The fact of the matter is the me that joined the EH is vastly different to the me now. When I joined the EH, I was doing a Diploma of IT and had a lot of free time. The Diploma was easy for me, with little homework allocated and the free time was rapidly consumed by the shiny new internet connection I had at the day (wow, 100megs a month!). Things changed and I had even more free time, due to unemployment. Now things are different. For the last year or so, I've been working, most of that full time. The last two Saturdays were spent doing work too. At the start of this month, I was given direct employment as a full time employee of the organisation I work for. I go to work and put up with people too dumb to check if their caps lock key is on when they can't login or to see if the monitor is actually switched on when "nothing comes up on the screen!". I put up with co-workers who work in a Christian orientated social services organisation meant to help society, yet they're such cheap bastards that they won't even cough up $5 to help a co-worker with a parking fine. Then I come home to the EH.

I come home to an EH where I'm blamed for a database that isn't being made fast enough, by people who've never done ASP/database work in their life. I get blamed by people who don't realise that I coded much of the DB site in my Christmas break and two long weekends, 600k of code, the equivilant of well over 100 pages of text. How many of you could claim to have written a story that long in 6 months? Not many, I bet. Even while that goes on, even while the business with Mirei happened and then the rDB thing and now my recent HCI-enforced leave, all those times when I needed you guys, people who, in most cases, I hand picked myself, when I needed you people to be there to do your job that extra bit better, I'm felt let down slightly.

Perhaps the saddest part for me is every time I try to talk to someone about how much I get upset/hurt/sad by the EH, the amount of empathy I get back is reaching into a zero point. Basically, people don't give a shit about crazy old Ast. Except when they need a cushy job or a promotion or medal, of course. Then you're suddenly my best mate. Unlike some people who've come out of the woodwork lately, spouting off about claims here and there, I *can* lay down a log of claims that are both at the same time true and beneficial to the EH.

The relationship between owners of the EH, myself and Ronin, and the command staff is one of trust and partnership. We vest into the COs of the EH a trust to do their allocated job. In many ways, being a CO in the EH is like most RL jobs. The pay sucks, you might not get along with the boss, the working conditions aren't that good, but when job satisfaction hits, it's better than any drug. It's like seeing a network fire up perfectly, like art. It's like a carpenter finishing off a chair and knowing he's done a damn good job. It's about pride.
So while I've been accused of being abrasive, abrupt and rude, you might want to consider if you've done enough to breech that. I can only be nice for so long while I get a cold shoulder before it pisses me off.

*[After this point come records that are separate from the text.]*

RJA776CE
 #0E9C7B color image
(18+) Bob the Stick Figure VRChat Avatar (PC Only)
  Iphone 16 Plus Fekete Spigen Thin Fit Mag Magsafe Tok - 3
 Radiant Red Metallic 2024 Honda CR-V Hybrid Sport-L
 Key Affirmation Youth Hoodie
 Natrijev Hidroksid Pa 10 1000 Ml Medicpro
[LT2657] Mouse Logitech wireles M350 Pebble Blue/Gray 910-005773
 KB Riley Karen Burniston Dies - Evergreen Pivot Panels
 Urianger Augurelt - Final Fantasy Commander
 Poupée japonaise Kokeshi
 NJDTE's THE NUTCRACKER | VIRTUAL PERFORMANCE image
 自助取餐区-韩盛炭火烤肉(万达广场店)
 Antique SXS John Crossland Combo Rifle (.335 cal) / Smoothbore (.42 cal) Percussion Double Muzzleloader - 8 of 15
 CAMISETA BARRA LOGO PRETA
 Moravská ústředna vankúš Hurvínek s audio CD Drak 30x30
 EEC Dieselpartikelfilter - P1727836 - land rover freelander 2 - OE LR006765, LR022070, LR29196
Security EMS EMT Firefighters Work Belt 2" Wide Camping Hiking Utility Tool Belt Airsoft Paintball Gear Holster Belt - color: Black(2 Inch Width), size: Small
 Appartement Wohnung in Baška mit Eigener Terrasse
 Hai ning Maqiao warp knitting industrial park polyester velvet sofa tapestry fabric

And a number of people have heard I'm a jerk, prick, etc and have made the effort to talk to me and found me not that bad. Usually, I end up being friends with those persons. So, in that context, the partnership between the owners and the COs only works if we both make the effort and meet each other in the middle. I've tried being nice, threatened, yelled, I've tried everything to try to motivate you guys. This email is the last resort because I'm just flat out of ideas. Contrary to what EH folklore might say, I don't really enjoy firing most people. It's time consuming and "evil". You're amassing resources (in this case, evidence) to do harm to another human being. Maybe managers with their soul-consuming MBAs get off on it, but I don't in most cases.

The summary message in all this is I can only work as well as you guys work back to me. Some of you do a fantastic job. Some don't. The ones in the first group just need to keepdoing that, the ones in the second...well, they know what they need to do.